Collected material >>
Segment Open

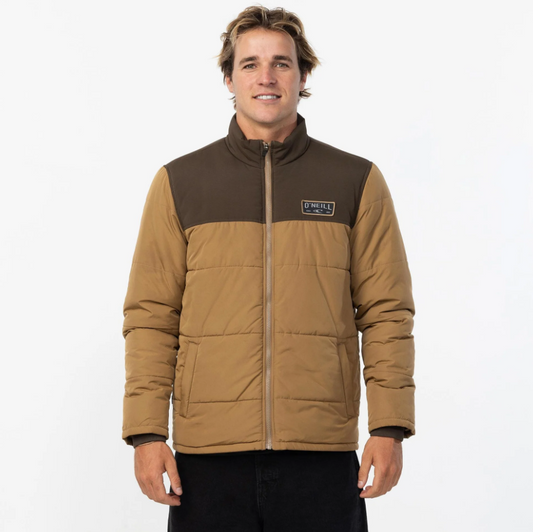 O'Neill Vista Quilted Jacket in dark khaki on male model frontside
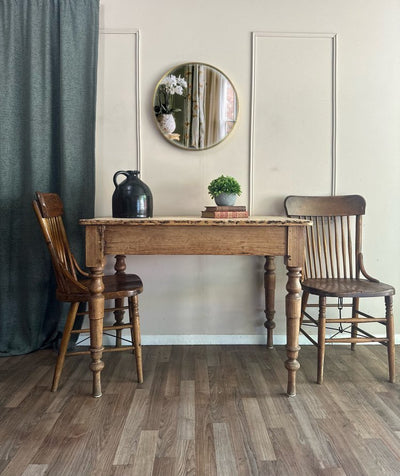 Antique Scrubbed - Pine Farmhouse Table + Mixed Pair of Windsor Side Chairs c.1890 - Loft of Echoes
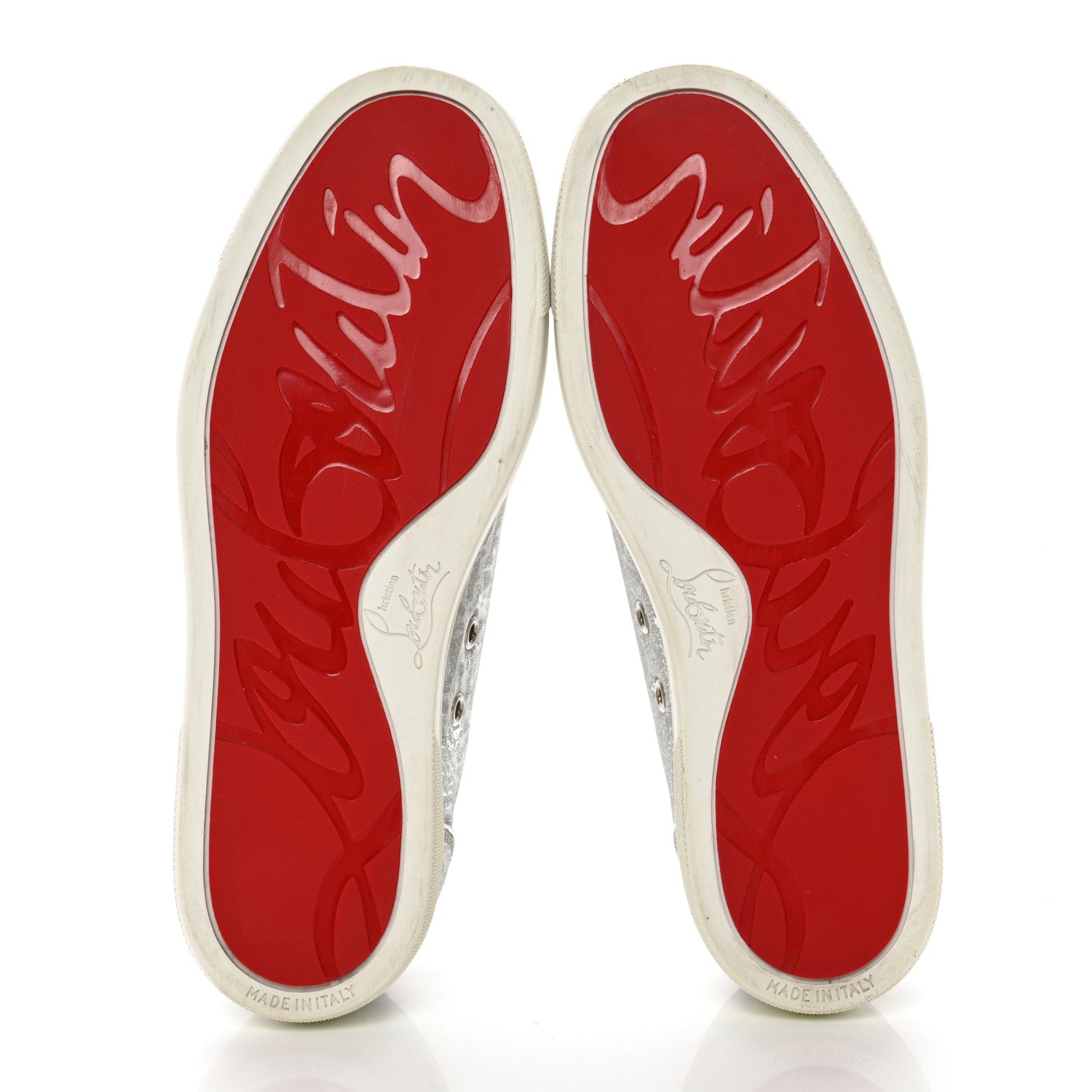 Christian Louboutin Glitter Metallic Calfskin Spikes Vieira 2 Flat Sneakers 37.5 Silver 5 of 13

Segment Closed

What the exercise asks >>
The answer should contain only the lines from the beginning of the material above through the line with "Antique Scrubbed - Pine", retyped exactly, with the pictures removed.

Answer to the exercise >>
 O'Neill Vista Quilted Jacket in dark khaki on male model frontside
 Antique Scrubbed - Pine Farmhouse Table + Mixed Pair of Windsor Side Chairs c.1890 - Loft of Echoes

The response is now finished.